Pirates were bad, Grow up!

Do as you were told and you would be left alone. This is the freedom the Jolly Roger stood for. But do we really want to look piracy in the face?

I very rarely tell people to do this, and just for the record I’m a fan of Disney, at least the parks and animation. And on the whole blockbusters, phoney accents and silly outfits are allot of fun. But I try to never lose sight of what piracy actually represents. So I’m really writing this post about the concepts we chose to be repulsed by, rather than what got changed in a theme park ride.

On the ride, shortly after you enter the port town, after passing the pirate ship in your ride boat you behold a man being tortured.

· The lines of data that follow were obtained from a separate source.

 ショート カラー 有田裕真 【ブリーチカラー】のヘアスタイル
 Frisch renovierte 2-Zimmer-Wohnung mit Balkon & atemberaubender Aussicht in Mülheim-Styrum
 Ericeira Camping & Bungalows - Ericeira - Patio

He is being dropped into a well and hauled back up again to loosen his tongue. Ahead is a bridge and to the left of it animatronic figures act out another vignette. It used to depict a line of women being sold at auction to cries of ‘we wants the redead’ and other catcalls. Now it depicts a red-headed female pirate, and the line of people are coming to auction off their goods to the rest of the crew, presumably with little hope of recompense .

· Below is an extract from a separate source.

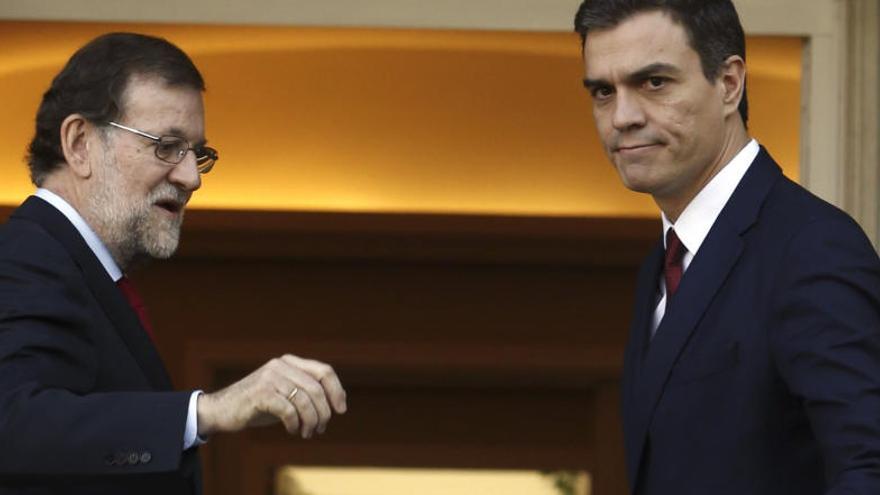 Rajoy i Sánchez abans d&#039;entrar a la seva reunió celebrada a la Moncloa.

The original scene in the ride admittedly treated the idea of selling off women lightly, but at least it did show piracy in a dastardly light as a result.

Last year the Walt Disney Corporation’s decision to alter their famous Pirates of the Caribbean rides across their properties struck many as odd if not infuriating. I found it odd, but then I’m a mild cove.
I’m late to the show on this subject, but the retooling of the “wife sale” scene in the attraction, which in itself has already seen certain alterations to conform better to popular sentiment and franchise might seem like a back slapping and enlightened thing to do. But at the same time it’s a fairly absurd step back at the same time.

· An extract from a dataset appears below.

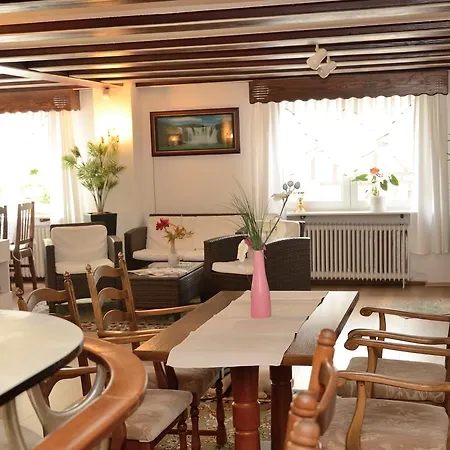 Und Restaurant Haus Steffens 3*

Yes girls can be pirates too. But when you get down to it, why is that a good thing?

To believe the new concept, WDC thinkers ask you to believe that pirates were essentially inoffensive. The attempt to mould this, to some minds shocking piece of anti female propaganda, into something more wholesome and inclusive at once says it’s wrong to treat women like possessions but it’s totally fine to steal, kill, burn and kidnap so long as guys and girls get to do it equally. Now of course this is not the overt idea behind the ride, which deals with the common perception of old time cinema piracy but there is a reality that always lurks not far away that we should be aware of.
Despite what you may have heard Pirates weren’t nice people. The bedrock of most studies of their activities is called ‘The Robberies and Murders of the Most Notorious Pyrates’. It’s called that for a reason, robbery and murder kind of went with the territory.

Pirates taking the plunder the hard way. In reality they rarely liked a fair fight and the cost for fighting back didn’t bear thinking about.

Sure if you grade it on a curve you will find pirates who were less worthy of a rope’s end than others but you are still dealing with a group of people who decided to make a living by stealing things from others. They felt hard done to and therefore entitled and if there’s one thing we’ve all learned in the modern era there’s nothing like being stupidly well armed to make a person feel entitled.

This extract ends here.